Estoy en el mismísimo circuito de la Sarthe, en Le Mans, y recorro por un costado el circuito Bugatti, que es la pista formal de carreras que no toca los caminos rurales. Llegué hasta una de las zonas que menos han cambiado en el legendario circuito, las “eses” de la Capilla y La Foret.

Una zona rapidísima donde me han dicho que Pedro Rodríguez era notable especialista porque no levantaba jamás el acelerador, sino que lo dosificaba progresivamente. Curvas que en su época, a bordo del Ford GT40, o más tarde con los Porsches 917 tomaba por encima de los 260 kilómetros por hora.

Le Mans es una de esas pocas pistas que logran intimidar a los pilotos. Hace algunos años descubrí su efecto con toda crudeza, con toda la verdad, cuando pude asistir a la sala de la junta de pilotos.

Ver a los hombres que saldrán a jugársela de día y de noche, palidecer ante las instrucciones de seguridad, ante los repasos de procedimientos en cada zona del circuito, observar rostros blanquecinos y labios secos después de ver algunos videos de encontronazos contra las barreras de la curva Porsche que dejan tobillos y clavículas fracturadas. No. No es cosa sencilla.

Ellos saben, Le Mans es la pista que menos perdona. No hay golpe pequeño.

Avanzando en un recorrido a bordo del trenecito de los turistas, llegamos a Tertre Rouge, la curva que da entrada a la larguísima recta de Hunaudrieres. Tertre Rouge es una curva derecha, dividida en dos segmentos por lo que es traicionera. Hubo muertes ahí por su devastadora cercanía a un macizo de árboles, que no combina nada bien con coches descontrolados.

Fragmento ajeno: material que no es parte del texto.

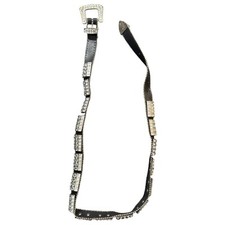 Chico's Studded Belt Womens Medium Black Rhinestone Crystal Adjustable Buckle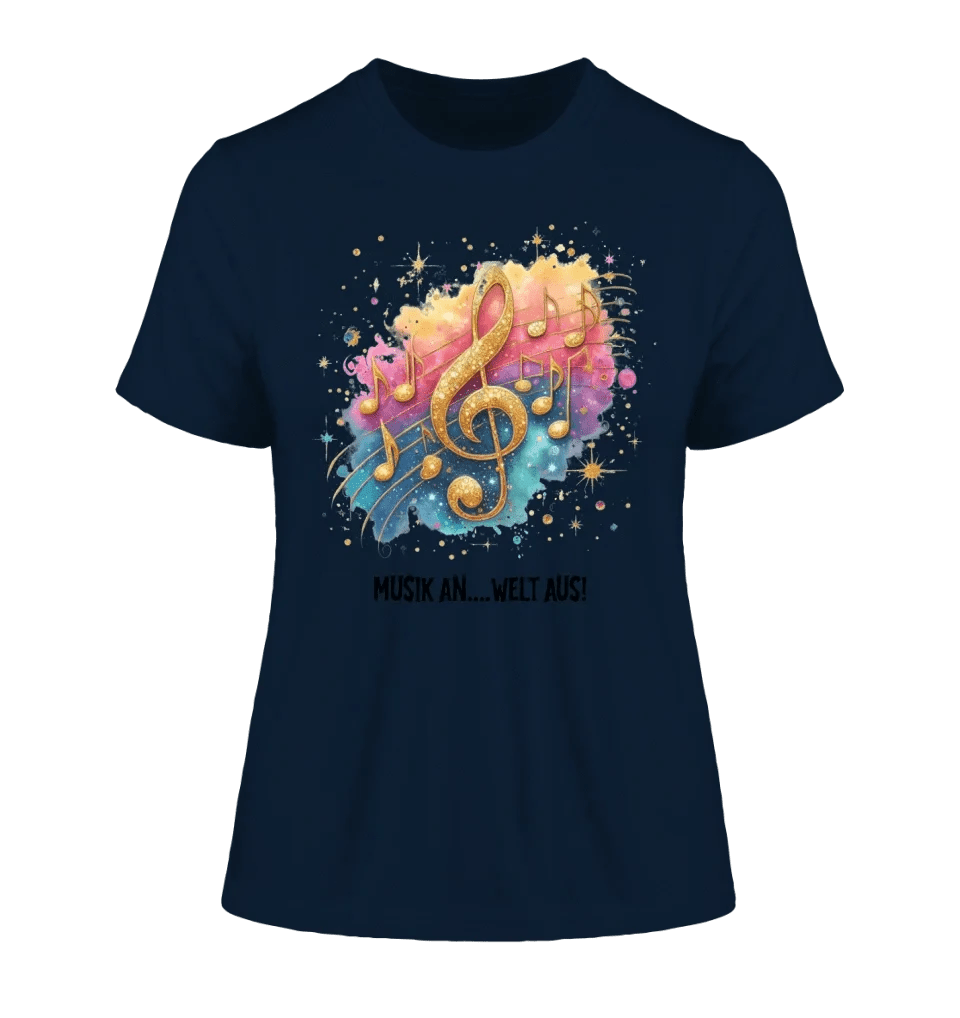 25 Motive zur Auswahl • Fantasy Music Notes • Noten • Musik • Ladies Premium T-Shirt XS-2XL aus Bio-Baumwolle für Damen • Exklusivdesign • personalisiert • Motivauswahl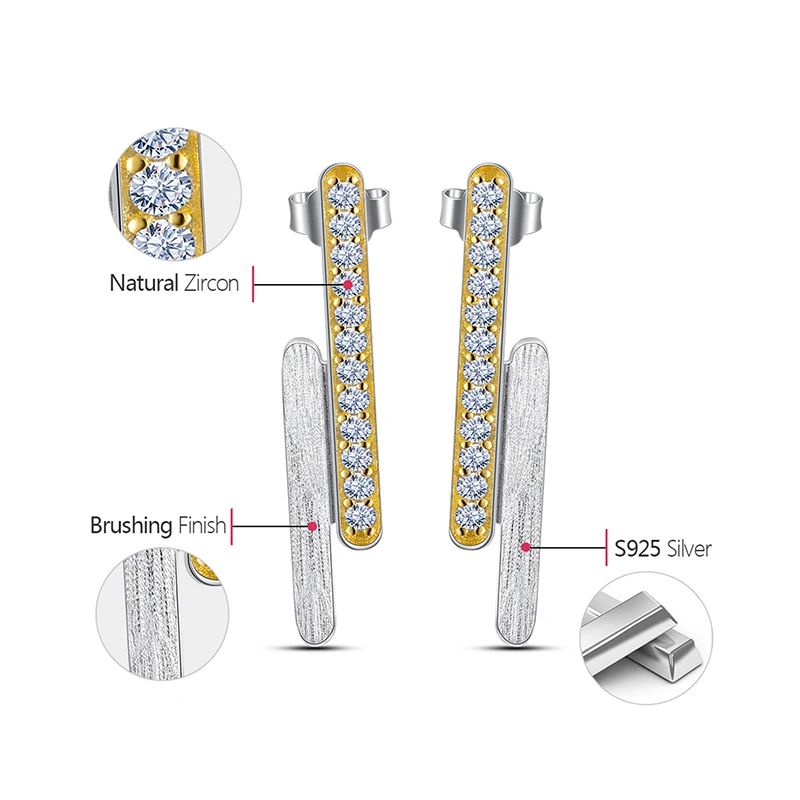 Lotus Fun Real 925 Sterling Silver Handmade Designer Fine Jewelry Creative Minimalist Parallel Lines Stud Earrings for Women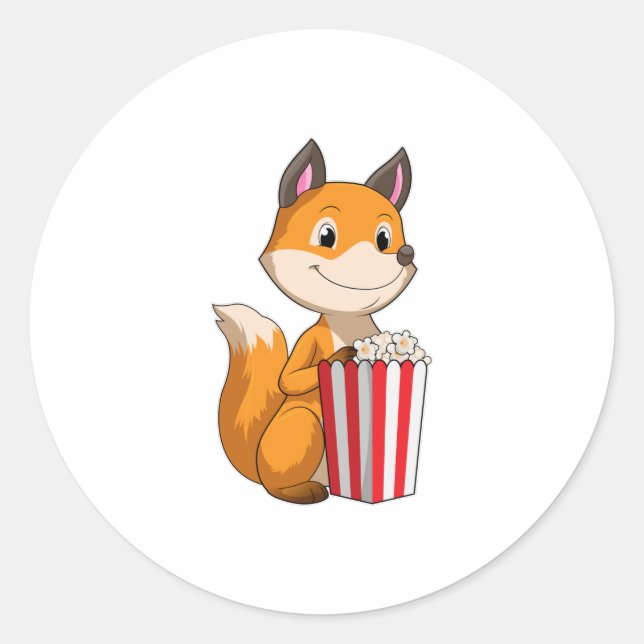 Sticker Rond Renard avec Popcorn (Devant)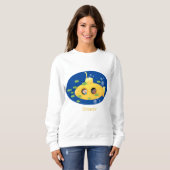 Cute yellow submarine fish cartoon illustration trui (Voorkant volledig)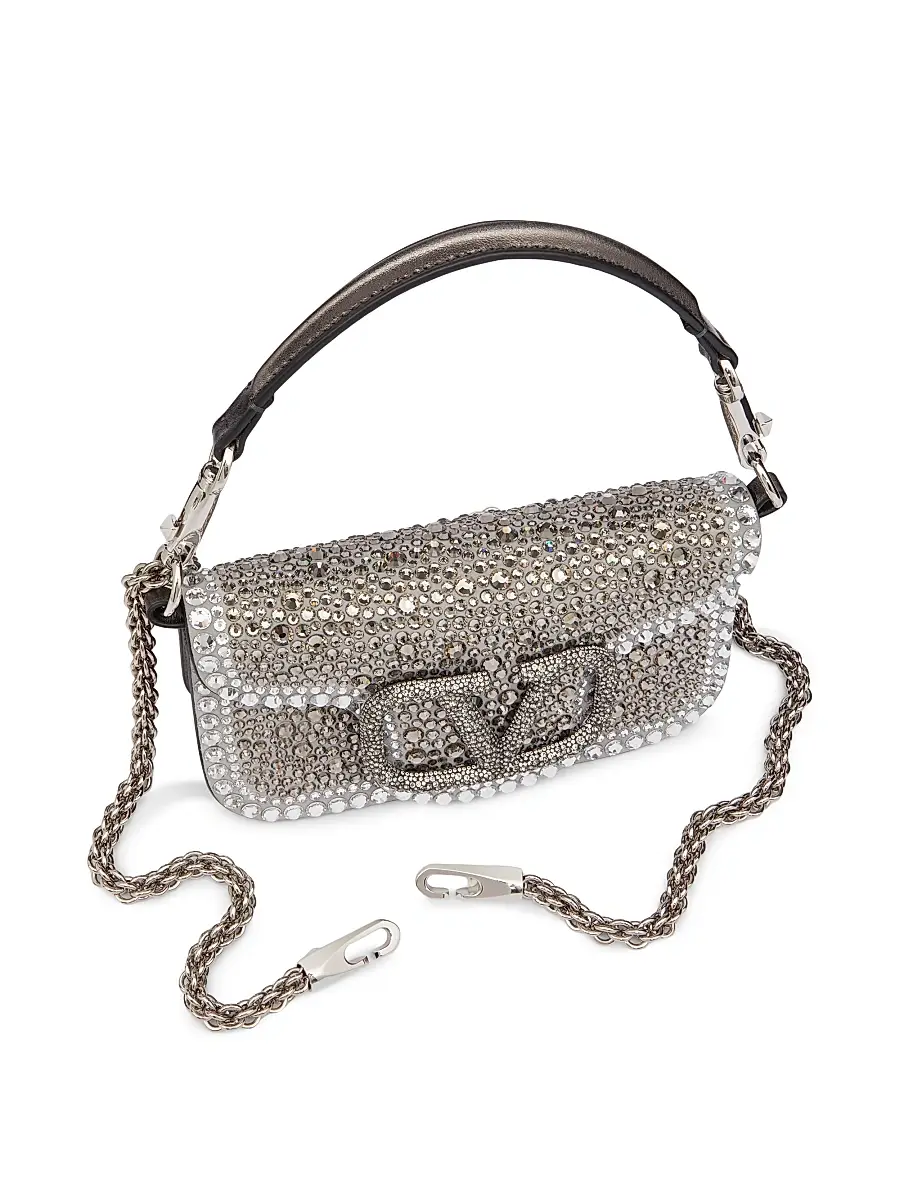 Valentino Women's Small Locò Top Handle Bag with Rhinestones - Crystal | Thumbnail 5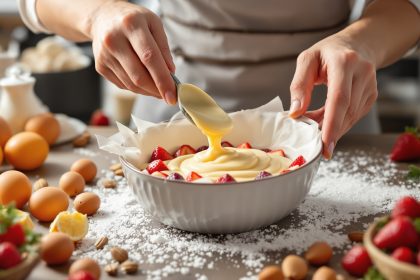 préparation-flan-fraises-cuisine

La recta es impresionante. Cuatro kilómetros de pisar a fondo y esperar un rato a que se acerquen las chicanas que decidieron poner para frenar las velocidades descomunales que los Porsches 917 generaron, el que más fue el Porsche Gulf de Pedro Rodríguez que rompió la barrera de los 400 kilómetros por hora.

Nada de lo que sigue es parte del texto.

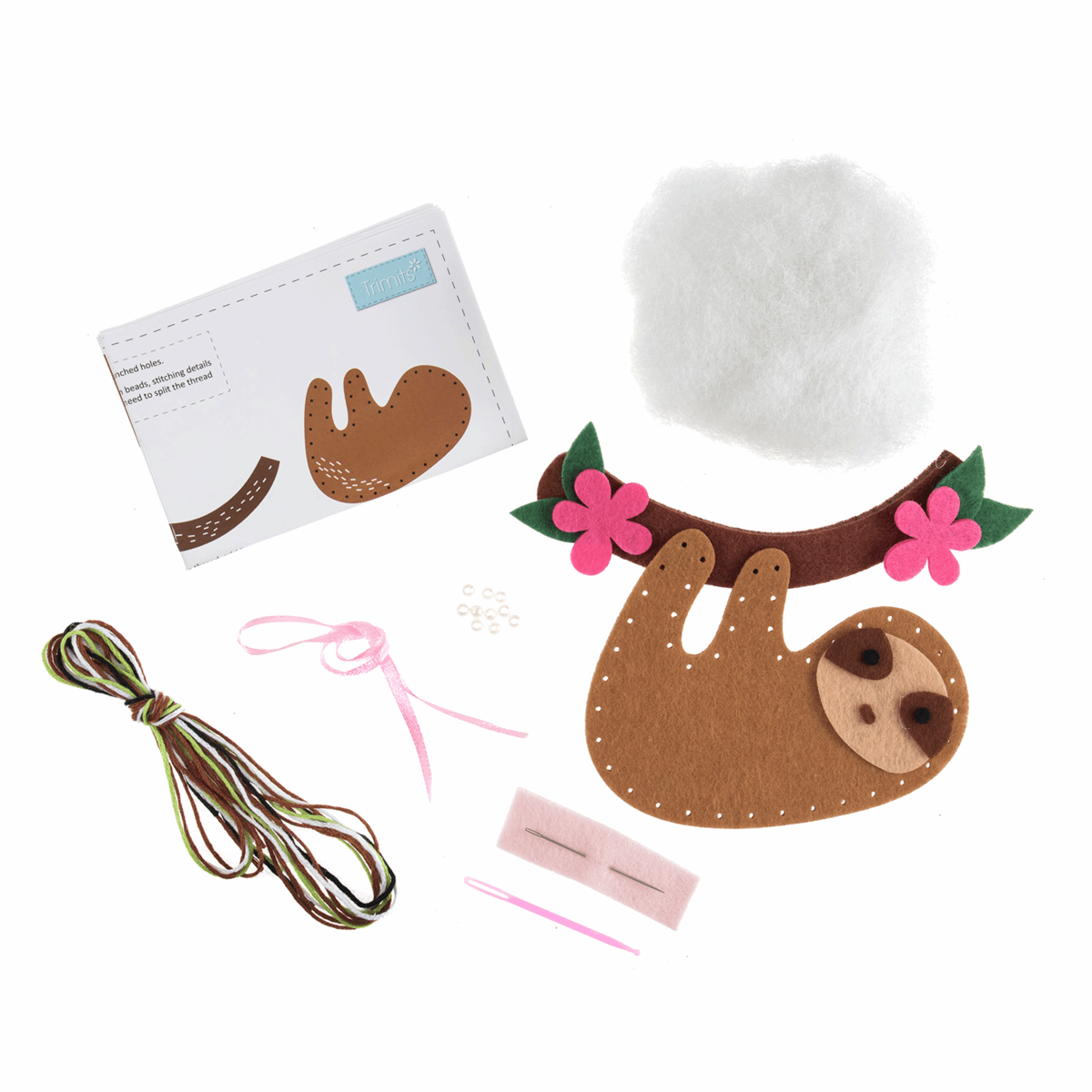 Trimits Pre - Punched Shaped Acrylic Felt Kit For Beginners 14.5 x 8.5cm - Sloth - Home - Crafts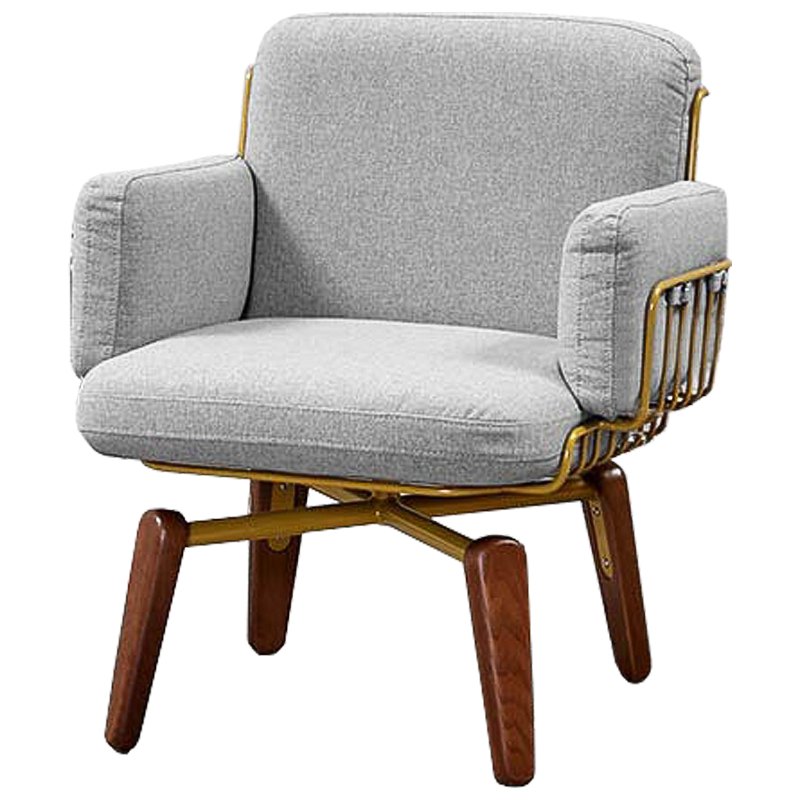 Кресло Frankie Armchair Светло-серый Коричневый Бронза Кресло Frankie Armchair Светло-серый Коричневый Бронза во Владивостоке | Loft Concept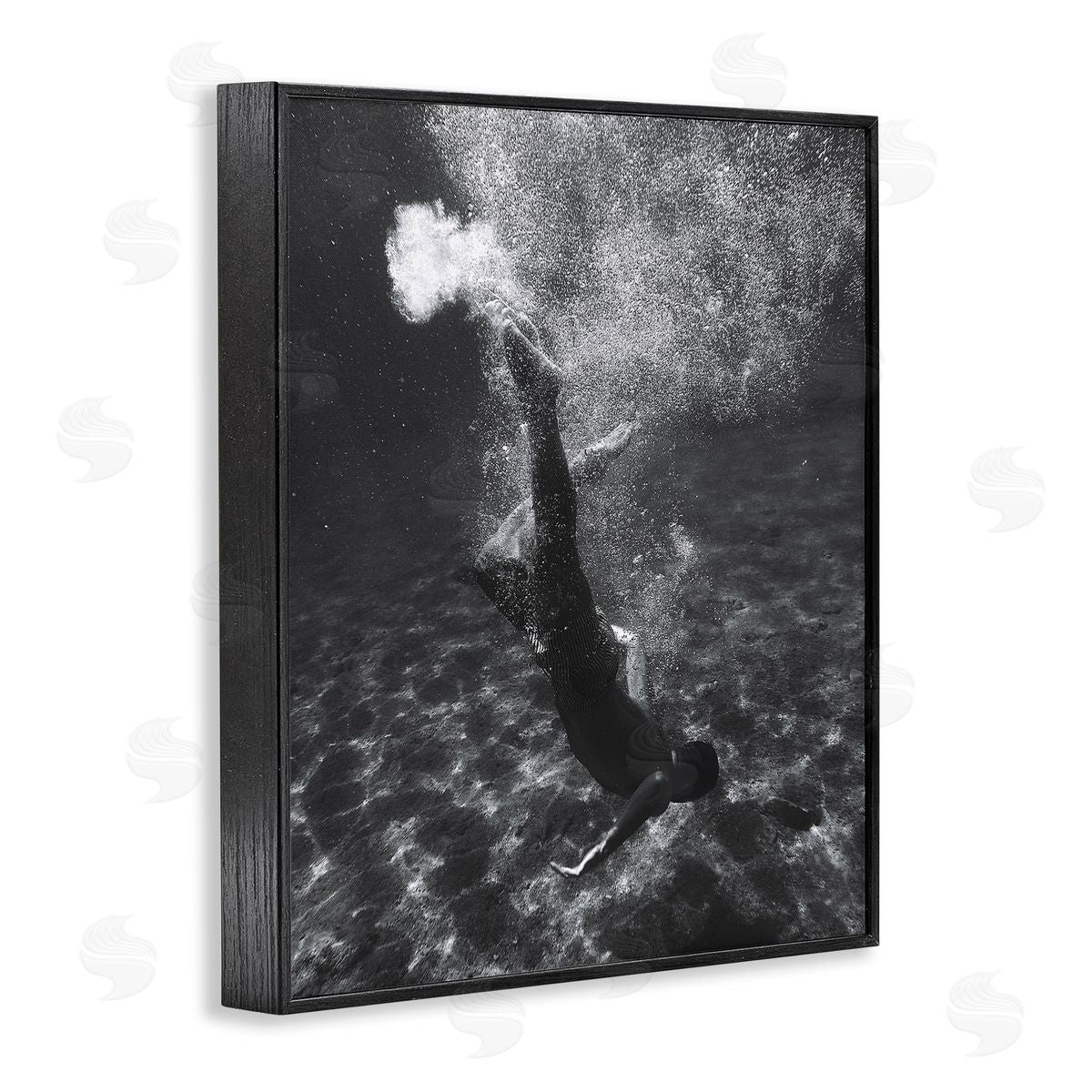 Deep Ocean Diving Black Frame Print Wall Art, Home Decor by Stupell Studio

Sí, es una cosa de locos. Porque al llegar a esos extremos también hay que frenar y confiar en que la mecánica haga trabajar bien a los discos y las pastillas en la curva del poblado de Mulsanne, y después entrar a la parte más técnica y descarnada del circuito.

En pleno camino rural, sin acotamiento o división posible entre el asfalto y la hierba empieza un auténtico tobogán que pasa por las curvas más legendarias como Indianápolis, Arnage, Porsche, Maison Blanche, sin que el ancho de la piste supere los 12 o 14 metros.

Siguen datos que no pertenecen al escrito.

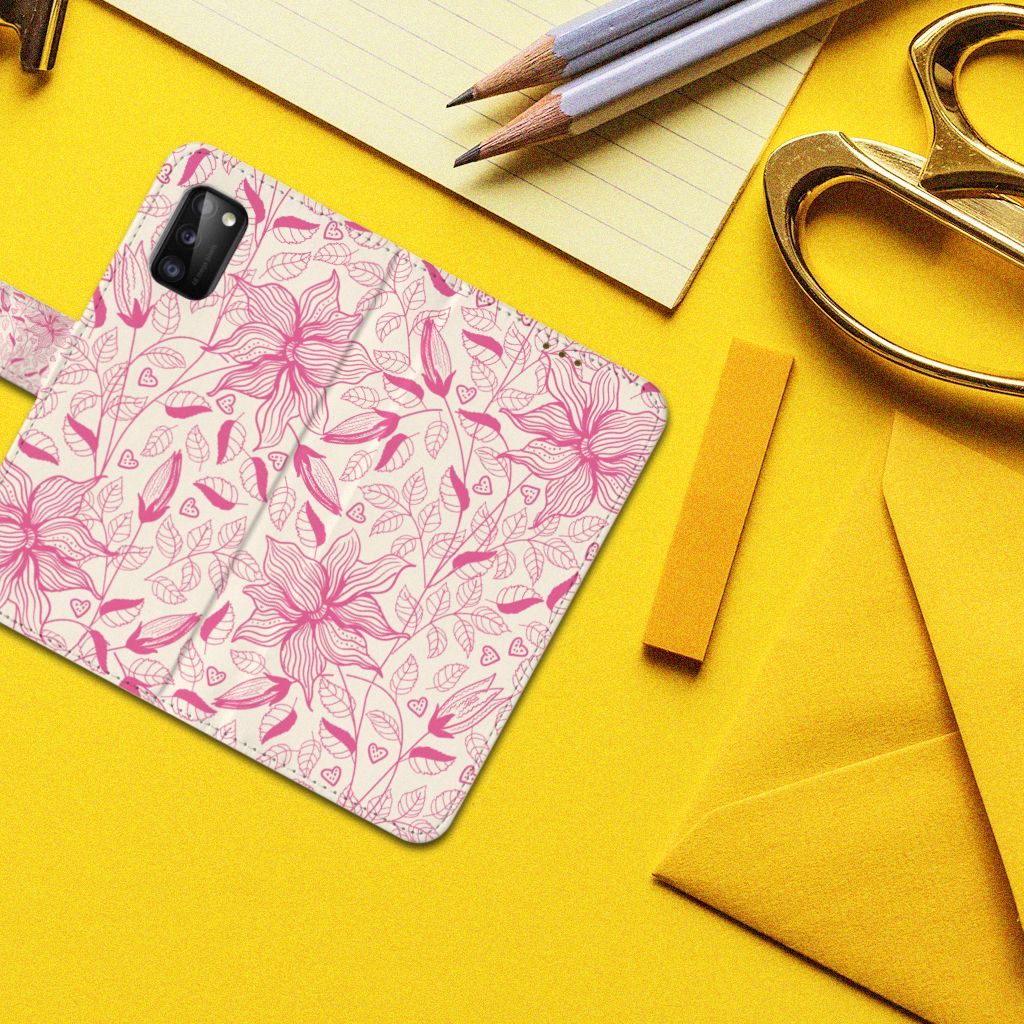 Samsung Galaxy A41 Hoesje Pink Flowers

Manejar ahí de noche a 300 kilómetros por hora es un acto de fe, no se siente nada si pierdes el pavimento y tocas el pasto húmedo a los costados, sino hasta que pega el auto contra la barrera y tu cabeza rebota varias veces dentro de la cabina. Es imposible detectar la falla y componerla. La única opción es evitarla.

El triunfo de Pedro en aquel año cumple 50, tras esta que ha sido otra épica carrera de Le Mans, y sigue sin tener un punto de comparación por su valor épico y deportivo. Le Mans decidió hacer a Pedro, el más grande.